There's one conservative blogger, Bruce Charlton, who while not Orthodox is a great admirer of Fr Seraphim Rose and agrees with his views on nihilism and modernity. Interestingly, he also greatly admires the Harry Potter stories and considers them edifying (teaching virtues like honesty, loyalty, courage etc); he is also greatly disappointed by Rowling's forays into adult literature, considering her to have sold out to nihilism and the sexual revolution.
So I think even serious traditionalists can get different things from these stories. As many here know, I don't have much patience for "fundamentalism" or see anything very sinister in the references to magic in these books. If you take that attitude where you have to reject the whole because it contains some fiction, you would have to disagree with St Basil the Great and reject all of ancient pagan literature (or any literature other than explicitly Orthodox writings) because they include some things we don't believe in, like polytheism. I would be more worried about e.g. Philip Pullman, whose stories are explicitly anti-Christian. Harry Potter, on the other hand, does not contain anything explicitly anti-Christian and it promotes sound virtues.

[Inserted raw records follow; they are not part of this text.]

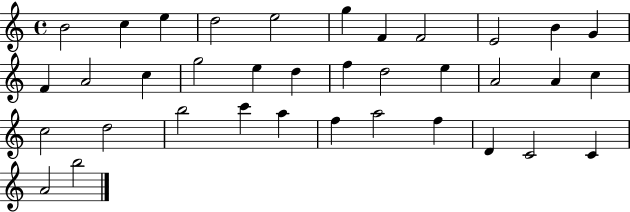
{
  \clef treble
  \time 4/4
  \defaultTimeSignature
  \key c \major
  b'2 c''4 e''4 | d''2 e''2 | g''4 f'4 f'2 | e'2 b'4 g'4 | \break f'4 a'2 c''4 | g''2 e''4 d''4 | f''4 d''2 e''4 | a'2 a'4 c''4 | \break c''2 d''2 | b''2 c'''4 a''4 | f''4 a''2 f''4 | d'4 c'2 c'4 | \break a'2 b''2 | \bar "|."
}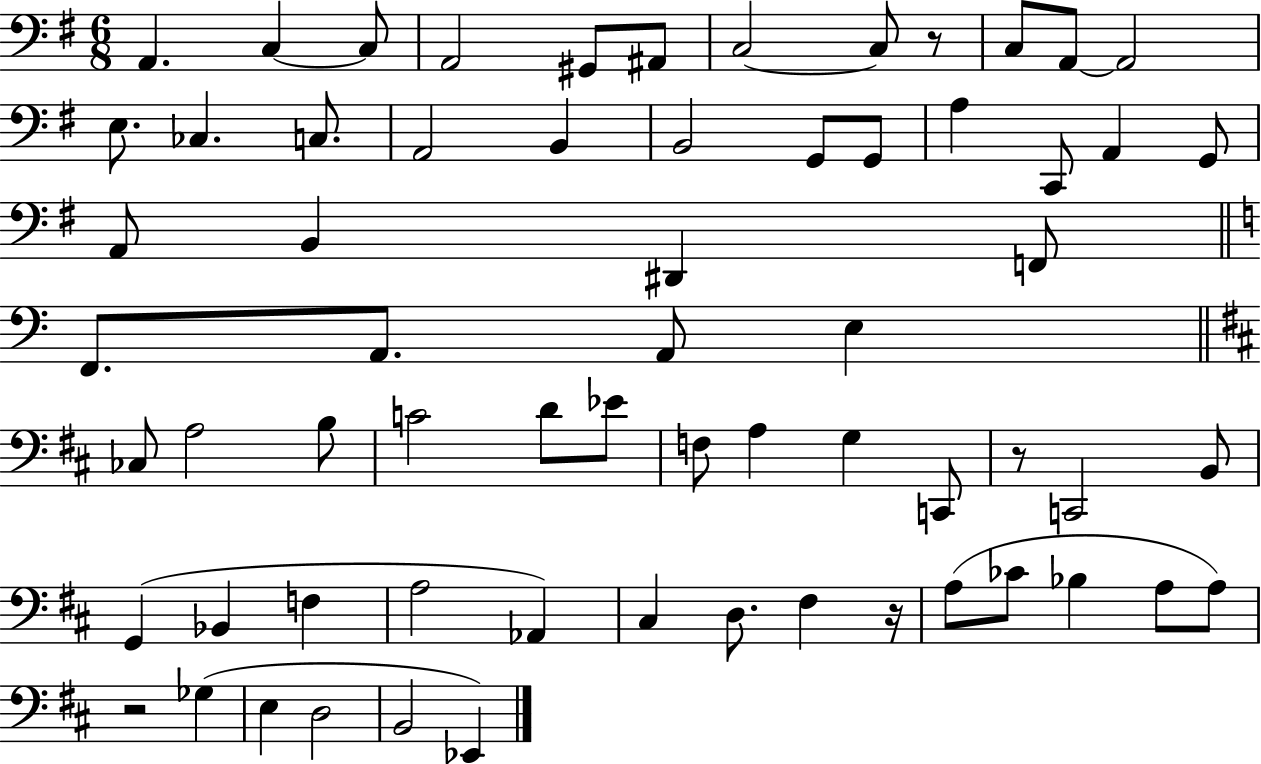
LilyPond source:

{
  \clef bass
  \numericTimeSignature
  \time 6/8
  \key g \major
  a,4. c4~~ c8 | a,2 gis,8 ais,8 | c2~~ c8 r8 | c8 a,8~~ a,2 | \break e8. ces4. c8. | a,2 b,4 | b,2 g,8 g,8 | a4 c,8 a,4 g,8 | \break a,8 b,4 dis,4 f,8 | \bar "||" \break \key c \major f,8. a,8. a,8 e4 | \bar "||" \break \key b \minor ces8 a2 b8 | c'2 d'8 ees'8 | f8 a4 g4 c,8 | r8 c,2 b,8 | \break g,4( bes,4 f4 | a2 aes,4) | cis4 d8. fis4 r16 | a8( ces'8 bes4 a8 a8) | \break r2 ges4( | e4 d2 | b,2 ees,4) | \bar "|."
}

That being said, I do prefer the world of Tolkien and Middle-Earth to the Harry Potter fantasies, or even to Lewis' fables. In Harry Potter, there is a clear distinction between the "ordinary" world where Harry Potter begins and the magical world he enters when he becomes a wizard, which make it harder to take the supernatural elements seriously. There is also something cold and mechanical about magic as portrayed in Potter and elsewhere; it is morally ambiguous, like science and technology. It can be used for good or evil, but anyone with the right training can cast a spell or use a magic object. In Middle-Earth, on the other hand, there is a distinction between good and evil supernatural effects. Someone who is supernaturally powerful but good will not be able to have the same effects as someone who is supernaturally powerful but evil. There are no morally ambiguous spells or magical tools (that I can recall anyway). The ethos in this respect seems closer to Orthodox ways of thinking: an evil man will not be able to use a holy relic for evil, for example.
I wonder what people here think of Tolkien and the Middle-Earth fantasies.